Josephus' speech reads a lot like "As you know, Bob" with all its incidents from Jewish history, and presumably in its written form is entirely intended for his Greek and Roman readers. God knows what he actually said, though of course he must have said something at the time. I like the detail of his mother out loud saying he was dead to her anyway but secretly grieving, and then rejoicing when he's still alive. Not least because while Feuchtwanger did include the detail about Josephus' father Matthias being put into pirson in his novel which is also mentioned in Book 5, he adapted the mother out of the novel, so I hadn't known she was also still alive and around. Presumably she, too, was (if she survived the siege) one of Josephus' sources about what was going inside. And for all that we deservedly give Josephus a hard time for his ego, it's worth remembering BOTH of his parents are among the people still in Jerusalem at this point. He really had every motivation to not just hope but work for a faster surrender of the city.

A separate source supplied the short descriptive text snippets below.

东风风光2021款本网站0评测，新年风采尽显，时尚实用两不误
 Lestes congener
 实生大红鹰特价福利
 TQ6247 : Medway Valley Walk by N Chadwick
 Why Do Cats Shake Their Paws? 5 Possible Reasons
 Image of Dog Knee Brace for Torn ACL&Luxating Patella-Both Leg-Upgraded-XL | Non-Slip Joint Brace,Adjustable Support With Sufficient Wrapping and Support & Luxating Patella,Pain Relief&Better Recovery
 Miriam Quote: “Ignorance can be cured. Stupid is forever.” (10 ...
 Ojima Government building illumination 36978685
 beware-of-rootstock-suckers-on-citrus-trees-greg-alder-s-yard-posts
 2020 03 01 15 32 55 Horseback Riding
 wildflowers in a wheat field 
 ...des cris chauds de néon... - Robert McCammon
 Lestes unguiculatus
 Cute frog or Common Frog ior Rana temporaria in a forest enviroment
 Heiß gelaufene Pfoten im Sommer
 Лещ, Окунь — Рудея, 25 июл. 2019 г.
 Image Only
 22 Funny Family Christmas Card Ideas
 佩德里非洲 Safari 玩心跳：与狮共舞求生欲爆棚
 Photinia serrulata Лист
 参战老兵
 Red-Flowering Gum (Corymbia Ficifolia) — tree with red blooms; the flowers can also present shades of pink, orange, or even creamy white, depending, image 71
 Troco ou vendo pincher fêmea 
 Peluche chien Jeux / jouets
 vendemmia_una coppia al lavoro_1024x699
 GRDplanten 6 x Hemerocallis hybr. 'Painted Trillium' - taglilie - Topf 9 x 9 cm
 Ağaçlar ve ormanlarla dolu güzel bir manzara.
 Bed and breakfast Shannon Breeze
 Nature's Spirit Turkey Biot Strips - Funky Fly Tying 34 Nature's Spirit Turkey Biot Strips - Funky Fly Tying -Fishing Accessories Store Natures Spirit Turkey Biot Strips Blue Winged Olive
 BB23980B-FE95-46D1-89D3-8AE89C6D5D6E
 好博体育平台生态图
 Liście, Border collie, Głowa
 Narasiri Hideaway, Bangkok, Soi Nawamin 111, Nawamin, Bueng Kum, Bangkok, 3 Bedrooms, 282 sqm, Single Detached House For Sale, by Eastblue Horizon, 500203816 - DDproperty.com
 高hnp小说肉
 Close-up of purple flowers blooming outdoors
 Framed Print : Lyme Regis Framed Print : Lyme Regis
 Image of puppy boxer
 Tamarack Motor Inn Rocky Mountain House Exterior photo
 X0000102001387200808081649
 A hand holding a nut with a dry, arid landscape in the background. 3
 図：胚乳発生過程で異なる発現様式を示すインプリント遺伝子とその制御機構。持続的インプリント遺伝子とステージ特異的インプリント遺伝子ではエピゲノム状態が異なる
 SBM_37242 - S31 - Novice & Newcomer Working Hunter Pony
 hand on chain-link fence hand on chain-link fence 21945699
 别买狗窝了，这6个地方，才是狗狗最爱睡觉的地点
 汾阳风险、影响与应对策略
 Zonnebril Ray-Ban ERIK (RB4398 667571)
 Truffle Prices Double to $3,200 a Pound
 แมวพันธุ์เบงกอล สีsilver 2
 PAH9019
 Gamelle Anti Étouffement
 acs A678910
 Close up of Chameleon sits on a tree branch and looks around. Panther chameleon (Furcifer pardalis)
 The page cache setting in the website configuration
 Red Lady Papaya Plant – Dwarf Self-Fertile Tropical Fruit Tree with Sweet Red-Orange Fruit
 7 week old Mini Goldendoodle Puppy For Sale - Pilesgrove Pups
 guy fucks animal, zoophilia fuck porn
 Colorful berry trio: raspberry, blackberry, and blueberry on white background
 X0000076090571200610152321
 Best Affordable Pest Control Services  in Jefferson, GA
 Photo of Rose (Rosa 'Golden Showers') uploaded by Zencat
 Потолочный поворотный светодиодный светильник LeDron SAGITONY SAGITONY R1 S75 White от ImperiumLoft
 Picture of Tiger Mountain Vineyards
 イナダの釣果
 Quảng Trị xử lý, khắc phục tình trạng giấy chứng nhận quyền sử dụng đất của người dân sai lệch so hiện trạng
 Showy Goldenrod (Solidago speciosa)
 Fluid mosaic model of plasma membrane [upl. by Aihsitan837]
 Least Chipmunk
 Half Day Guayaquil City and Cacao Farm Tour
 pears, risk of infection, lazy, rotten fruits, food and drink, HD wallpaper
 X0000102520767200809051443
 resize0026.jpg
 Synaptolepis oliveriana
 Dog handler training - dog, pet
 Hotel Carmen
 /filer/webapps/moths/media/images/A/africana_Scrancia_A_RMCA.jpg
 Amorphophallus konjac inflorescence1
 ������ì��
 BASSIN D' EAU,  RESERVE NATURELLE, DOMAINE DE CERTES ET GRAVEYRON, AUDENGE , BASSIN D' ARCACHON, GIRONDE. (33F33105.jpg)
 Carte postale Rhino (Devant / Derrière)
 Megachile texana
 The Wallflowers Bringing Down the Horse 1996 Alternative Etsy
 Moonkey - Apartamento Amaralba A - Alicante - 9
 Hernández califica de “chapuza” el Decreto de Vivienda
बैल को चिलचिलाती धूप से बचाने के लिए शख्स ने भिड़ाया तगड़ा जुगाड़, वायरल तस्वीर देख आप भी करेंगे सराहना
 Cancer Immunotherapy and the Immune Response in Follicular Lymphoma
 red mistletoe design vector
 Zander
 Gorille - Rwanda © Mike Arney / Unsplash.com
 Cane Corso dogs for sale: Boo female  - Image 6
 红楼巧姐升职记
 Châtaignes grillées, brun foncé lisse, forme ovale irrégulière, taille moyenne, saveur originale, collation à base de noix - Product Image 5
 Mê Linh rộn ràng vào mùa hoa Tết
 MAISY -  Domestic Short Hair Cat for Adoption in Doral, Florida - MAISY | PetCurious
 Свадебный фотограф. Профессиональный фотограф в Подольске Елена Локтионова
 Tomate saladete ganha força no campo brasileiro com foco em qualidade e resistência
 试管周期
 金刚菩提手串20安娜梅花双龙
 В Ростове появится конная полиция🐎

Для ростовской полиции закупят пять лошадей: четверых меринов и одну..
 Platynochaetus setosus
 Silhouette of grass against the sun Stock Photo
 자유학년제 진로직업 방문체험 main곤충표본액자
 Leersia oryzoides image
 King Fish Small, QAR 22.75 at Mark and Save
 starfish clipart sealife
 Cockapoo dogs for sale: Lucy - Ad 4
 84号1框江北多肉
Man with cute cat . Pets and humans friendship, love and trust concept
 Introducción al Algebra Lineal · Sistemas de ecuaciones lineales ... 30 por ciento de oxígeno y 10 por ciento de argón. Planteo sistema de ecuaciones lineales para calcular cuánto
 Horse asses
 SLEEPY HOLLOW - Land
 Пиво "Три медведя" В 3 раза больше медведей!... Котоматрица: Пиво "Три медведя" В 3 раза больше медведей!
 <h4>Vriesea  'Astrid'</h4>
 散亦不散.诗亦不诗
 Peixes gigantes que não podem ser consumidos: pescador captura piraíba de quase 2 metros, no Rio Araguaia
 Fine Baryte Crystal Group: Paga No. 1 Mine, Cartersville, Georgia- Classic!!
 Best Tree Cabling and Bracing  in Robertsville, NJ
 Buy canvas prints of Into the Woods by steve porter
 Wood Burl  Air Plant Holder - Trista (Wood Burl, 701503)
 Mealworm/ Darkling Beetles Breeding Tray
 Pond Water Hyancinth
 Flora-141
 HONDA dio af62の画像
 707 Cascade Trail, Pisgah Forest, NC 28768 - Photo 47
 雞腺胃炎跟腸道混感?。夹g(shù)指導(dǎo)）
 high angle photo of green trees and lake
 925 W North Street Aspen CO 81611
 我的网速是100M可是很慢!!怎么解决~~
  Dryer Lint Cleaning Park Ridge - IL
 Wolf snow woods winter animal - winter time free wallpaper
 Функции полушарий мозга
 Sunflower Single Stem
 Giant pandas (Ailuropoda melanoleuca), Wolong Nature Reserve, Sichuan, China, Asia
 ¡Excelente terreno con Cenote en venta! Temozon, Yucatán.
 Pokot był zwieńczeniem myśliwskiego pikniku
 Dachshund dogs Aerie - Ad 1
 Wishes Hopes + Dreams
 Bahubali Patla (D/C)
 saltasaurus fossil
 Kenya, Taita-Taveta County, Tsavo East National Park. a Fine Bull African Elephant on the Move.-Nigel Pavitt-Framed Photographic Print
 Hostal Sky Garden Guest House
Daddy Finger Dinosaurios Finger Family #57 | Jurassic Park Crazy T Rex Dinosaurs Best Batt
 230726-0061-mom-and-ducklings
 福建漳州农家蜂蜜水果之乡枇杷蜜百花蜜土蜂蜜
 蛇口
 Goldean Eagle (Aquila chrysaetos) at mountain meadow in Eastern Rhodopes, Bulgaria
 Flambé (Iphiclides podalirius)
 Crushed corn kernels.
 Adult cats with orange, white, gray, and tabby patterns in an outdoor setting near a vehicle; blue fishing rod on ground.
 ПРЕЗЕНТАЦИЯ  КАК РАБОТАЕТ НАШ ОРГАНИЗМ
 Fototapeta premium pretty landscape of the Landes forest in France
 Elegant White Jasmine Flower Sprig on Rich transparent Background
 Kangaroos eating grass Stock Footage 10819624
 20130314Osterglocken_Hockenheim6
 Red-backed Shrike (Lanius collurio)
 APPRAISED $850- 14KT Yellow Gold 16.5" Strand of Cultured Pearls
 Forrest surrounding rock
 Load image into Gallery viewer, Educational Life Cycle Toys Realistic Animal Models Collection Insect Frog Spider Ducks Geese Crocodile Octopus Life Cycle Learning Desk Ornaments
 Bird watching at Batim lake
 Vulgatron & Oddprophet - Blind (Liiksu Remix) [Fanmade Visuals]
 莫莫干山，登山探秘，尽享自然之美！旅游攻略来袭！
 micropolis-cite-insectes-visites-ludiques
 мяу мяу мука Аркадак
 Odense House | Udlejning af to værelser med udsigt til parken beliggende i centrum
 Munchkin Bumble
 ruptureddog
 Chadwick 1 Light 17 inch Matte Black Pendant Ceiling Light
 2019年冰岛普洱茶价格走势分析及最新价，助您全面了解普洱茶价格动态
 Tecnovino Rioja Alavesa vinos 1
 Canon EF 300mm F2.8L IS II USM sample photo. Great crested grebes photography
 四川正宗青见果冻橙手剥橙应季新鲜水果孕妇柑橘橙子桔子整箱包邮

Something amusing in all the grimness is the fact Josephus for all his written insistence in the speech that the Jews can't win because the Romans are the superior soldiers takes the time for a swipe at the Macedonians via the story of Antiochus the Macedonian with asorted troops showing up to support the Roman cause and getting a total drumming by the besieged Jews, concluding that even real life Macedonians need the luck of Alexander to win. Since Macedonians were regarded as the ultimate tough guy soldiers of the ancient world from the time of Alexander's father Philip (the FW to Alexander's Fritz, remember) till the Roman Republic took on one Hellenistic Kingdom after the next, including Macedonia, and swallowed them, thus dethroning them as the No.1 Tough Guys, what Josephus is really saying here is that the Jews are now No.2 via implication.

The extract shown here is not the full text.